How to use Elasticsearch as Vector Database

Sagar Gangurde
Data Engineering
Published in
2 min readMar 19, 2024

Lets setup single node Elasticsearch cluster on local machine.

Pull the docker images.

docker pull docker.elastic.co/elasticsearch/elasticsearch:8.12.2
docker pull docker.elastic.co/kibana/kibana:8.12.2

Start Elasticsearch and Kibana containers.

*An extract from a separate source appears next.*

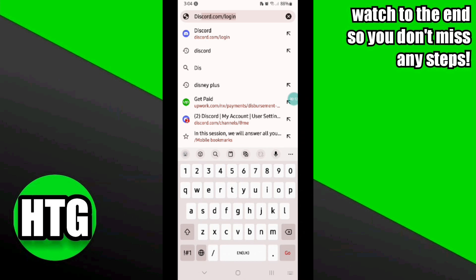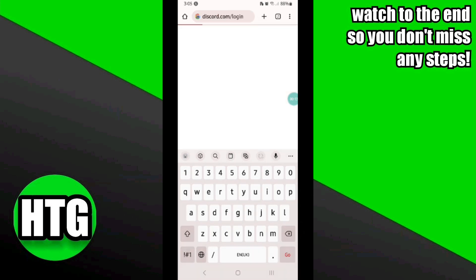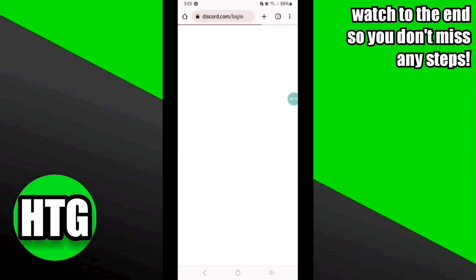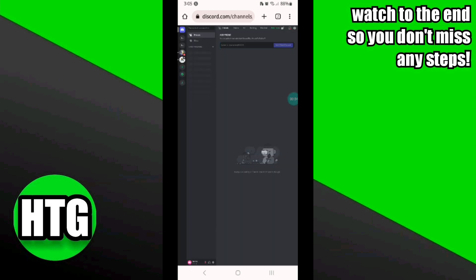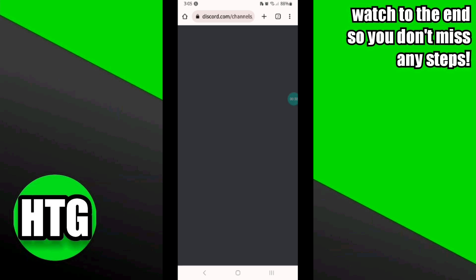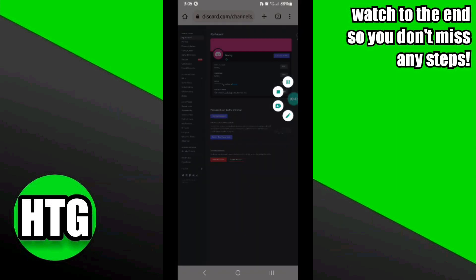First, you will need to log into your Chrome browser and search for discord.com. After that, it will redirect you to your account. Once you are logged in, you have to click on the gear icon at the bottom.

docker network create elastic

docker run -d --name elasticsearch --net elastic -p 9200:9200 -p 9300:9300 -m 1GB -e "discovery.type=single-node" -e "ELASTIC_PASSWORD=passw0rd" docker.elastic.co/elasticsearch/elasticsearch:8.12.2

docker run -d --name kibana --net elastic -p 5601:5601 docker.elastic.co/kibana/kibana:8.12.2

Verify that containers are up and running.

docker ps

CONTAINER ID IMAGE COMMAND CREATED STATUS PORTS NAMES
e288f61740da docker.elastic.co/kibana/kibana:8.12.2 "/bin/tini -- /usr/l…" About an hour ago Up About an hour 0.0.0.0:5601->5601/tcp kibana
16e62f66f4e0 docker.elastic.co/elasticsearch/elasticsearch:8.12.2 "/bin/tini -- /usr/l…" About an hour ago Up About an hour 0.0.0.0:9200->9200/tcp, 0.0.0.0:9300->9300/tcp elasticsearch

Now, lets create `movies` index. We will be using text-embedding-3-small model to generate the vector embeddings for title field and store it as title_embedding. This model generates embeddings of length 1536. So we need to specify title_embedding field mapping as dense_vector with 1536 dimensions.

PUT /movies
{
"mappings": {
"properties": {
"title": {
"type": "text"
},
"genre": {
"type": "keyword"
},
"release_year": {
"type": "integer"
},
"title_embedding": {
"type": "dense_vector",
"dims": 1536
}
}
}
}

Lets insert few documents using Elasticsearch Python client.

Python client needs `ssl_assert_fingerprint` to connect to Elasticsearch. Lets get that using following command:

openssl s_client -connect localhost:9200 -servername localhost -showcerts </dev/null 2>/dev/null \        
| openssl x509 -fingerprint -sha256 -noout -in /dev/stdin

sha256 Fingerprint=AA:BB:CC:3C:A4:99:12:A8:D6:41:B7:A6:52:ED:CA:2E:0E:64:E2:0E:A7:8F:AE:4C:57:0E:4B:A3:00:11:22:33

Now we can insert few documents in movies index.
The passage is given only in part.